▶ **Problem requirements**
Copy exactly the stretch of data below from the line with "Canola Oil Manufacturing Process Revealed" through the line with "Epazote – Oaxaca Red Herb in 10cm pot", including both of those lines.

***

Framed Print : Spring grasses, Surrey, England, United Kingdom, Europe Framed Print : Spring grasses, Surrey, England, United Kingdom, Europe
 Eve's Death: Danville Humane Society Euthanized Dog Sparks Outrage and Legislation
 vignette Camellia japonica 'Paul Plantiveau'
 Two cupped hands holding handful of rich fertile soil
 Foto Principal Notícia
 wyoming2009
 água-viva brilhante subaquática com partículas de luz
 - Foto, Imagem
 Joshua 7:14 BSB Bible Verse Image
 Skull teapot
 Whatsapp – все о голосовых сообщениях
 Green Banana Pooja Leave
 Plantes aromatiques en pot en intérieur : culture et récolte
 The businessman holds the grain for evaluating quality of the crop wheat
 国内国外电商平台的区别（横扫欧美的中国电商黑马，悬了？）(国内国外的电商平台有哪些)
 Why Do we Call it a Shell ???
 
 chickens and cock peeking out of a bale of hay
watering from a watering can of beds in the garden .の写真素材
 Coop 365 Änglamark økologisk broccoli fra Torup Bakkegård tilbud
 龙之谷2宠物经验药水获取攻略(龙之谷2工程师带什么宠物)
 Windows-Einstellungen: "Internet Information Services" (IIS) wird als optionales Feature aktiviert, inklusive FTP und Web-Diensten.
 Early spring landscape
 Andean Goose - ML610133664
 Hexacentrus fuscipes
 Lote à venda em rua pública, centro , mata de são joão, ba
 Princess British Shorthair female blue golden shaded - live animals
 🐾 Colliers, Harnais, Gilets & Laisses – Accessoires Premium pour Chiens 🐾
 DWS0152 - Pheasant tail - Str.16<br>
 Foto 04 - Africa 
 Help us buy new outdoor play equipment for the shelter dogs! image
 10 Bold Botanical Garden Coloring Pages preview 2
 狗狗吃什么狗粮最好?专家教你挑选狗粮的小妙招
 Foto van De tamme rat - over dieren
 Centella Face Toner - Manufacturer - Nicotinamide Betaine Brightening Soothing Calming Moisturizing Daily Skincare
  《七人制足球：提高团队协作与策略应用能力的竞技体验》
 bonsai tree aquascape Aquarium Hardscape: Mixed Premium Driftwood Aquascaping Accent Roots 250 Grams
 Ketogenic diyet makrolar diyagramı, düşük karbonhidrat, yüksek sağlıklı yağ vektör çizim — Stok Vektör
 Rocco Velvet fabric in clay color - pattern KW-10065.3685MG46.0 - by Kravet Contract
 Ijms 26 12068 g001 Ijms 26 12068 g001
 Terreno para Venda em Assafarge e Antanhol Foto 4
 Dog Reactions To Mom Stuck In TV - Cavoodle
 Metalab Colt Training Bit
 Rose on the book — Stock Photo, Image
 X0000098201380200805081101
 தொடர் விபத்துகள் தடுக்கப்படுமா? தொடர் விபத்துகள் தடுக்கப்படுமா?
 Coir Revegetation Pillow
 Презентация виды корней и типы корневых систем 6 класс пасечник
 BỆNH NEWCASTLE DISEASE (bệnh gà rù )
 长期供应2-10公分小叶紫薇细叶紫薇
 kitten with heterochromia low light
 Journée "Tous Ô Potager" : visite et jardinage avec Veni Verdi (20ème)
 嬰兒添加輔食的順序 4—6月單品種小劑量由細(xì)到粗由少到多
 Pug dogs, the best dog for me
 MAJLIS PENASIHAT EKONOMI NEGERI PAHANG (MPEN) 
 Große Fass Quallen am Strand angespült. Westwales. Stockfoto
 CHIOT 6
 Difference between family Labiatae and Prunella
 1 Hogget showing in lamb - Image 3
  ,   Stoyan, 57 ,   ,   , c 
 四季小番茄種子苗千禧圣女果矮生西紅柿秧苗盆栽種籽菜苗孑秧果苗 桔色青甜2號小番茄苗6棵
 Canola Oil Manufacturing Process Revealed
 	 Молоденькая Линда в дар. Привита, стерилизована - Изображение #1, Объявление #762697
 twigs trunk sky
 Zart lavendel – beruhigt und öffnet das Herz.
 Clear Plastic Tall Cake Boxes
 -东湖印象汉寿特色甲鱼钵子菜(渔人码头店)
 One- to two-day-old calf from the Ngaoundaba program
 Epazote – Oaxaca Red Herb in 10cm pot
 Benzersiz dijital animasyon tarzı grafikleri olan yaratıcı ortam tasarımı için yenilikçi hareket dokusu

***

▶ **Output of the exercise**
 Canola Oil Manufacturing Process Revealed
 	 Молоденькая Линда в дар. Привита, стерилизована - Изображение #1, Объявление #762697
 twigs trunk sky
 Zart lavendel – beruhigt und öffnet das Herz.
 Clear Plastic Tall Cake Boxes
 -东湖印象汉寿特色甲鱼钵子菜(渔人码头店)
 One- to two-day-old calf from the Ngaoundaba program
 Epazote – Oaxaca Red Herb in 10cm pot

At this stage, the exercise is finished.